Panama: Sierra Llorona
ByIt defies logic and expectation alike, but each new site was better than the last! We fell asleep at Sierra Llorona to the grunting hoots of Mottled Owls, and awoke the next morning to find the feeders covered with hummingbirds and Chestnut-mandibled Toucans in the trees.

Sierra Llorona Lodge has a beautiful series of trails behind it, and we couldn’t resist heading down one of them before breakfast. White-tailed Trogons, which we’d heard along Old Gamboa Road, sang but refused steadfastly to let themselves be seen; suppose I’ll just have to go back someday….

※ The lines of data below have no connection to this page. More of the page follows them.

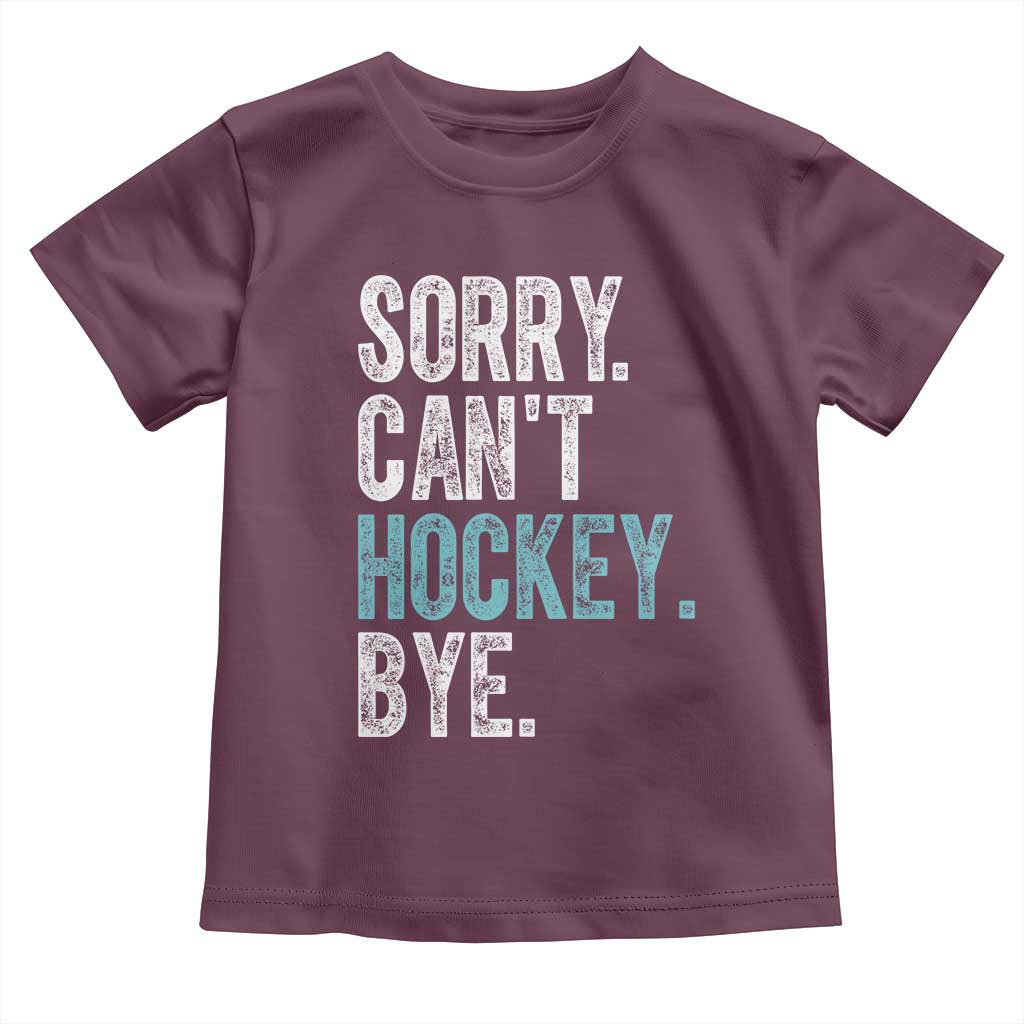 Funny Sorry Cant Hockey Bye Toddler T Shirt Ice Hockey Player - Wonder Print Shop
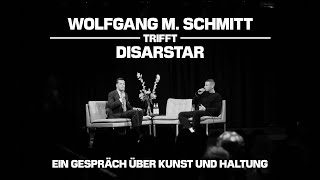 Disarstar und Wolfgang M. Schmitt - Ein Gespräch über Kunst und Haltung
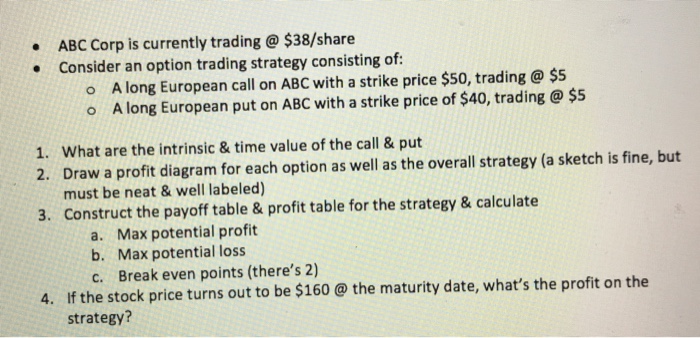  Please show step by step ABC Corp is currently trading@ $38/share
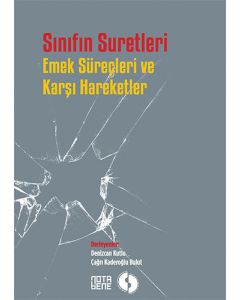 Sınıfın Suretleri – Emek Süreçleri Ve Karşı Hareketler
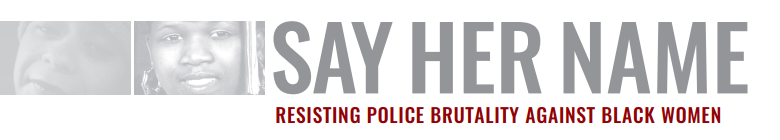 #SayHerName: Resisting Police Brutality Against Black Women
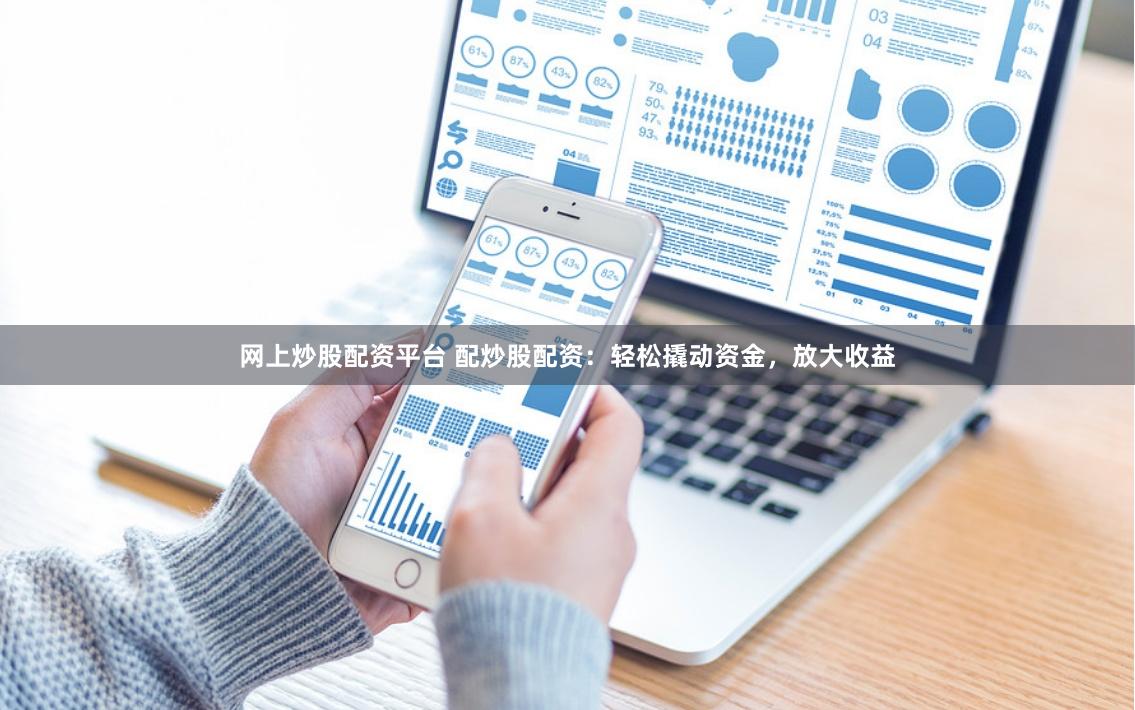 网上炒股配资平台 配炒股配资：轻松撬动资金，放大收益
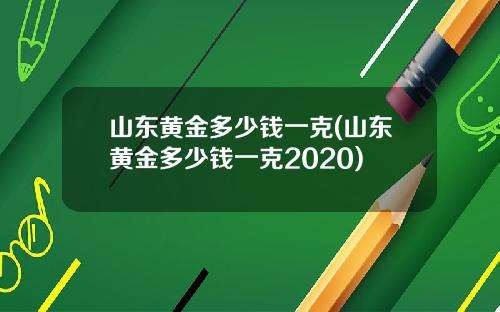 山东黄金多少钱一克(山东黄金多少钱一克2020)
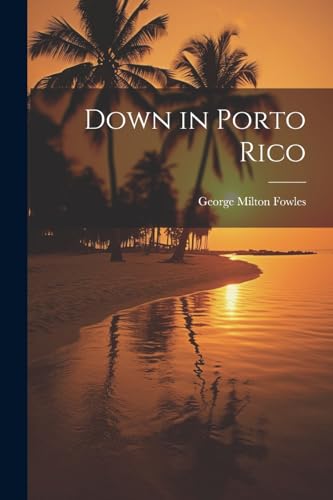 Imagen de archivo de Down in Porto Rico a la venta por THE SAINT BOOKSTORE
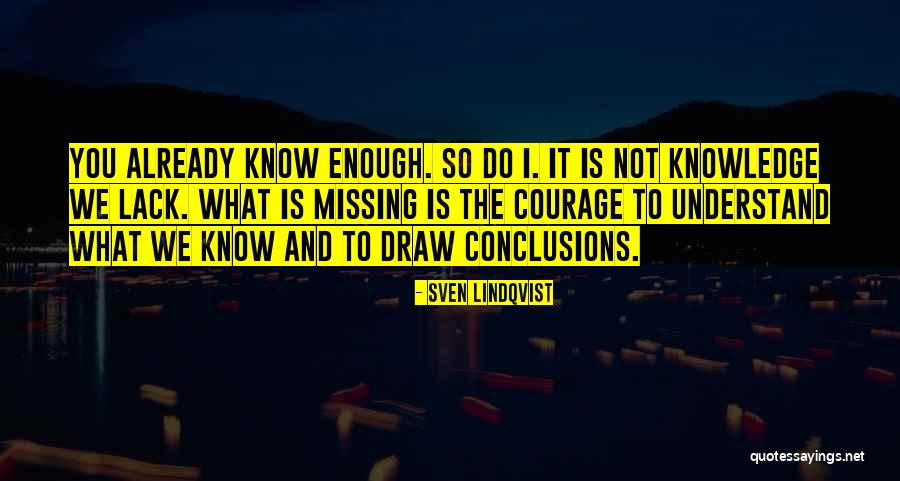 Missing You Is Not Enough Quotes By Sven Lindqvist Missing You Is Not Enough Quotes By Sven Lindqvist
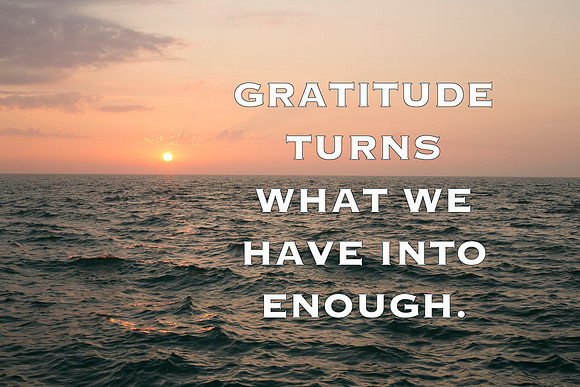gratitudeturnswhatwehaveintoenough_TK_0101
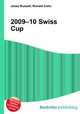 2009–10 Swiss Cup, Jesse Russell,Ronald Cohn 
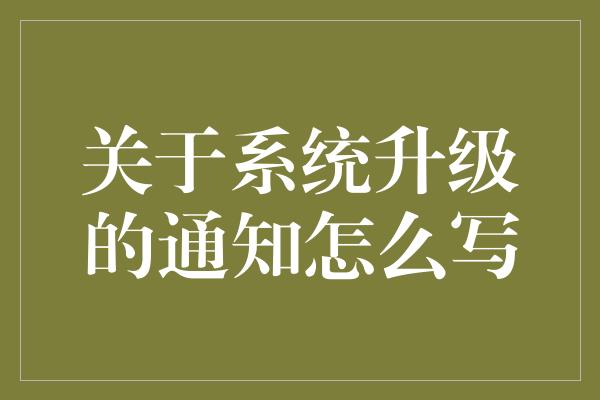 关于系统升级的通知怎么写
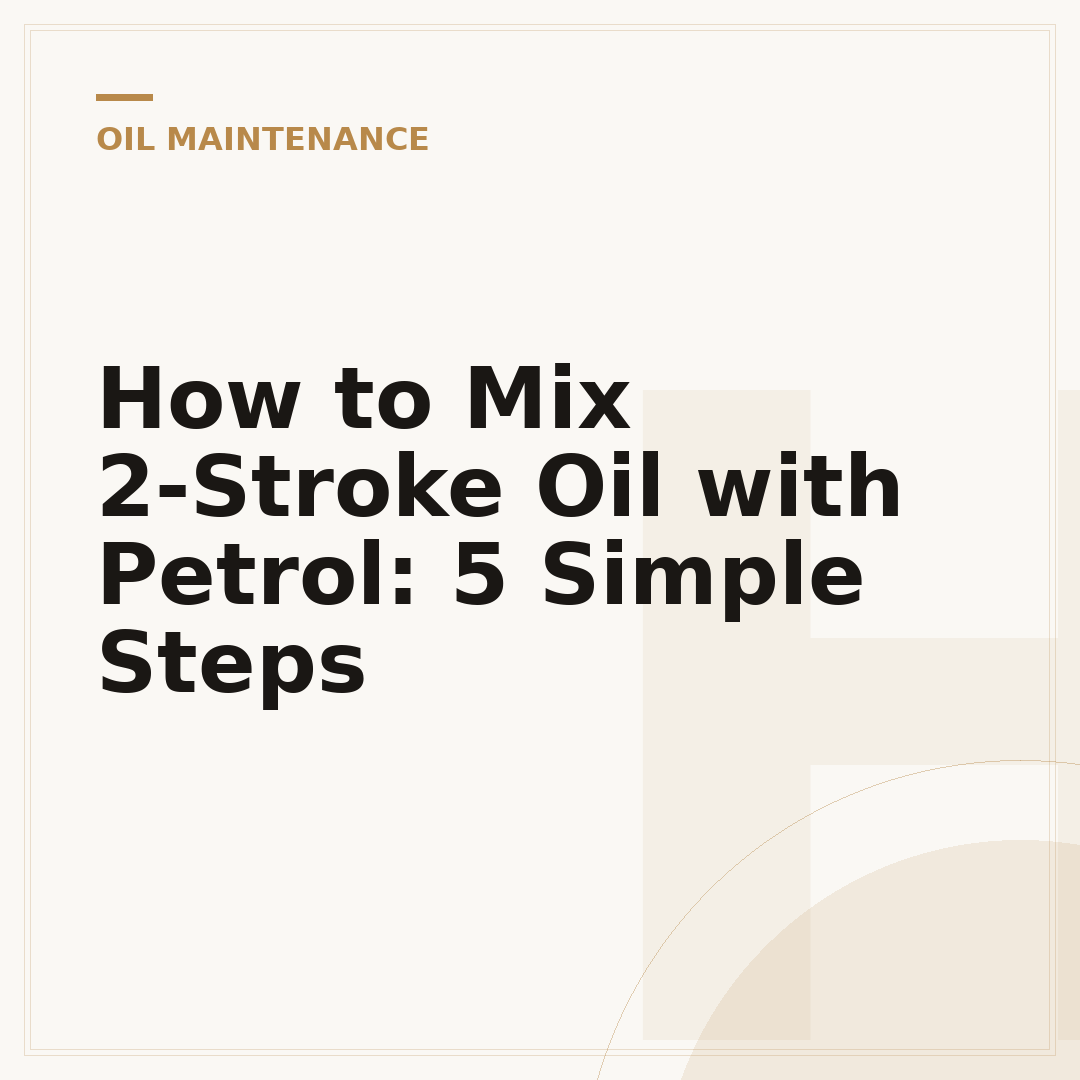 How to Mix 2-Stroke Oil with Petrol: 5 Simple Steps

At one point we were watching a Squirrel Cuckoo moving through the foliage, when a feathered form flashed in to land above our heads. A quick look at that median throat-stripe and it was obvious what it was.

The bird was utterly unconcerned at having landed on top of us, and perched long enough for all of us to admire the first juvenile Double-toothed Kite I’d ever seen, and the only member of the species we would see in Panama.
Breakfast called, the delicious spread we’d come to expect on our tour; but still we hurried, wanting to have a little time along the well-wooded entrance road before we had to leave. And I’m glad we did. A Black-breasted Puffbird perched unmoving above us, immediately propelling Sierra Llorona to the top of my world’s-best-driveways list!